Factory activity in Türkiye continued its expansion in March, a closely watched survey showed Monday, with improvements in new orders and output. However, February’s massive earthquakes continued to impact the sector.
The Purchasing Managers’ Index (PMI) for manufacturing rose to 50.9 last month from 50.1 in February, staying above the 50-point threshold that separates expansion from contraction, the Istanbul Chamber of Industry (ISO) and S&P Global said.
Manufacturing production increased, the panel said, adding that in some cases, earthquake reconstruction efforts led to higher output.
“Although February’s earthquake continued to impact the sector, a reduced level of disruption and reconstruction efforts contributed to improvements in new orders and output,” it noted.
The survey showed that new orders returned to growth for the first time in a year and a half, as business increased solidly over the month and export orders picked up the pace.

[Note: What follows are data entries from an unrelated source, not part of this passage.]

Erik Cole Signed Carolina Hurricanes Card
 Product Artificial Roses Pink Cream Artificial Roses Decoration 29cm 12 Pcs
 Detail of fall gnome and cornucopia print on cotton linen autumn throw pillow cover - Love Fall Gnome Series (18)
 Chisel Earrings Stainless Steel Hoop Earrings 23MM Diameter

Despite the increase in production requirements, employment dipped for the first time in five months, partly due to the earthquake but also due to the new early retirement law, the panel said.
Türkiye’s economy must now absorb the consequences of the catastrophe, which, according to the World Bank, caused an estimated $34.2 billion (TL 656.75 billion) in direct physical damages – the equivalent of 4% of Türkiye’s 2021 gross domestic product (GDP).
President Recep Tayyip Erdoğan put the cost of the damage at $104 billion.
Input costs and output prices rose sharply last month amid higher raw material costs, currency weakness and increased wages, the panel noted.
“Renewed output growth in the Turkish manufacturing sector was a welcome development in March following the marked impact of the earthquake in February,” said Andrew Harker, economics director at S&P Global Market Intelligence.
“Although some firms were still affected, the start of reconstruction efforts supported the overall return to growth. With new orders also up, we are hopefully seeing an end to the relatively soft conditions experienced by firms over the past year or so.”